When former Arizona Wildcats linebacker Brant Boyer limped away from the NFL, he had a herniated disk in his neck. His knees ached all the time. His hands hurt. A shoulder, too.
It was preseason 2005 when Boyer, then 34 years old, was cut by the Cleveland Browns after spending a year on injured reserve.
“I failed physicals with several teams when Cleveland released me,” he said.
“To be honest, I had played football so long, ever since I was 8 years old, I was a little bit burned out. I don’t know if I watched a football game for a year.”
He did some hunting back home in Utah. Some fishing. He became co-owner of OutWest Adventures LLC, specializing in guided hunts in Colorado. All the while, slowly, football began boiling in his blood again.
Boyer went through a coaching internship with Cleveland before the 2010 season. He did another internship last preseason with the New York Giants, who would go on to win the Super Bowl.
And, then, after the Indianapolis Colts hired Chuck Pagano in late January, Pagano — who was a Browns defensive assistant when Boyer was there from 2001 to 2003 — called to offer Boyer his first full-time coaching job. Boyer quickly accepted.
The ex-Wildcat is the Colts’ assistant special teams coach.
“The more I was away from the game, the more I missed it,” Boyer said.
“I couldn’t be happier. I have been taught by some of the best people in the game and I felt like it would be cheating the kids to not give back.”
Boyer’s long NFL career was marked by his versatility — he could play any linebacker position — and his willingness to hustle, to throw his body around, to do whatever it took, made him one of the top special teams players in the league.
He set the Jacksonville Jaguars record for special teams tackles with 25 in 1997, a mark that stood for 11 years. He was the special teams captain for the Browns in 2002 and 2003 — a starter on every unit — and was rewarded after that season with a four-deal worth about $4.2 million.
Now, when he describes the kind of guy he wants on special teams, it’s as if he is looking in a mirror.
“I want a guy who cares about what he does, who has the courage to go down there, who understands that he is part of something bigger and accept that role that he is going to take,” Boyer said.
“Those are the kind of guys I gravitate to, the guys who don’t give up and go 100 miles an hour. It might not be their first choice to play special teams, but it should mean something to you.”
Boyer was a linebacker on the Wildcats’ Desert Swarm era defenses of 1992 and 1993, leaving such an impact he recently was selected as one of the UA’s all-time “badass” players by TucsonCitizen.com’s Javier Morales.

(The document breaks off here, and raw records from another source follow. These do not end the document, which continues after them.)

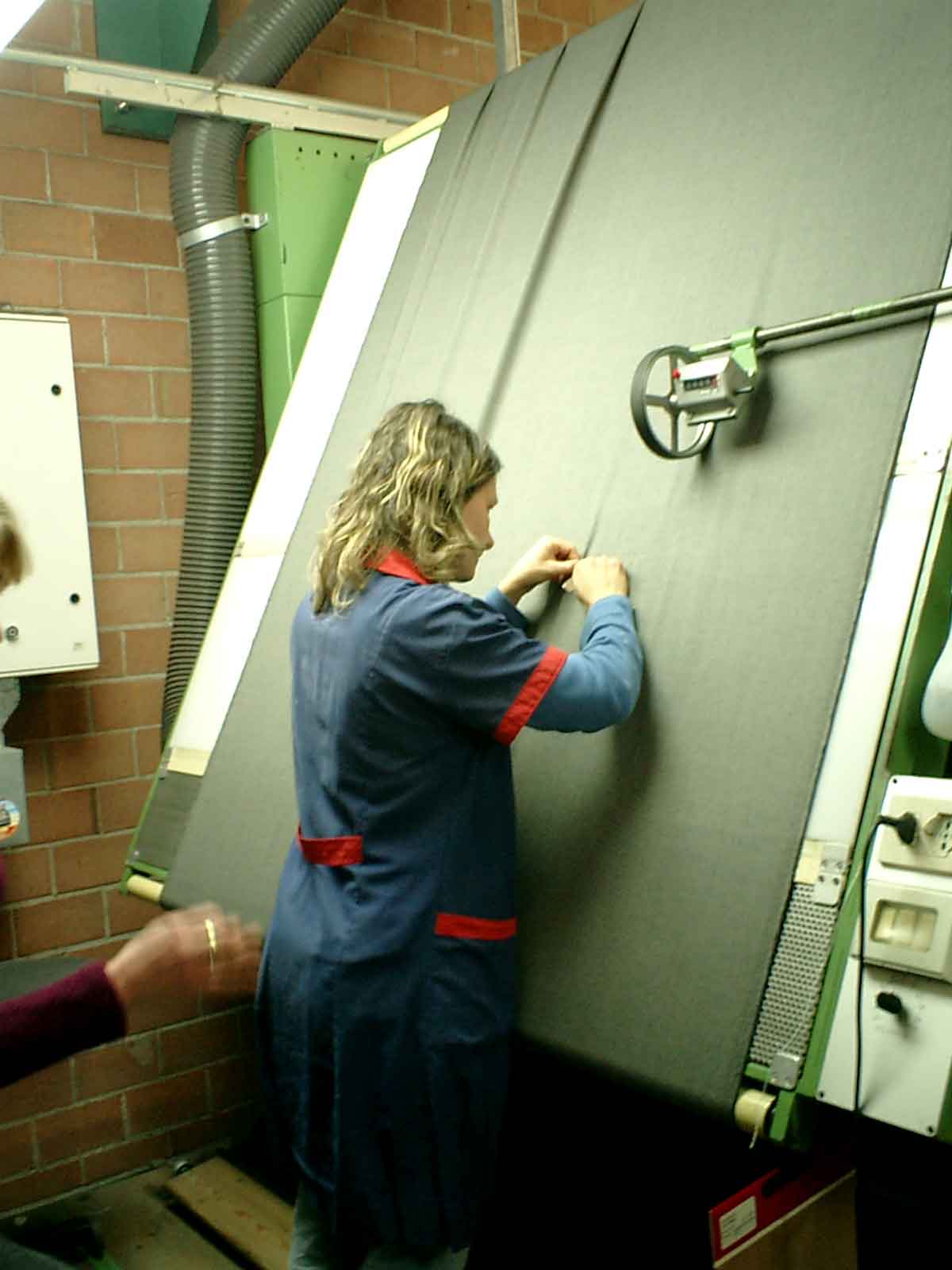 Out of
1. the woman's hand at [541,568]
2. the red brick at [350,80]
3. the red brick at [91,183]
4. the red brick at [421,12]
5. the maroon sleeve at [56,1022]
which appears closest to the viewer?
the maroon sleeve at [56,1022]

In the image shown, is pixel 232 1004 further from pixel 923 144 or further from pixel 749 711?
pixel 923 144

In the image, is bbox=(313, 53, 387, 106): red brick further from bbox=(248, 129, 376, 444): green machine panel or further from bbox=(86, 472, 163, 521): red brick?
bbox=(86, 472, 163, 521): red brick

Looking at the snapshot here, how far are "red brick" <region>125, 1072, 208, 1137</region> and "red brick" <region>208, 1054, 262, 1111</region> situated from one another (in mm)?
29

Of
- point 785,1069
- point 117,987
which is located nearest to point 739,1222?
point 785,1069

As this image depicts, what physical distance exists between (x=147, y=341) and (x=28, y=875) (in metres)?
1.22

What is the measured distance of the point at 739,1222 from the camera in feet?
4.39

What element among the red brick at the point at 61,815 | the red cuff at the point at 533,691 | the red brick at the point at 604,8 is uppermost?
the red brick at the point at 604,8

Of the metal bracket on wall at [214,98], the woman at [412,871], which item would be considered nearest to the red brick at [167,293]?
the metal bracket on wall at [214,98]

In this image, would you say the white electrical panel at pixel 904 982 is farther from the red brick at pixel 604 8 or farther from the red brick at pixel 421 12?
the red brick at pixel 604 8

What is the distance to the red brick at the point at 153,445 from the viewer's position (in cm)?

When he reflects on the toll a decade in the NFL took on his body, he talked about managing the pain and not having any regrets.
“I’d have done it for free,” Boyer said. “That’s true, too.”
It’s that kind of team-first, can-do attitude that Boyer hopes to bring to the Colts as he begins his coaching career at the age of 40.
“As I spent more time with coaching, I felt like this is what I was born to do,” Boyer said. “My opportunity has now come, and I’m going to approach it like a player and knock that door down.”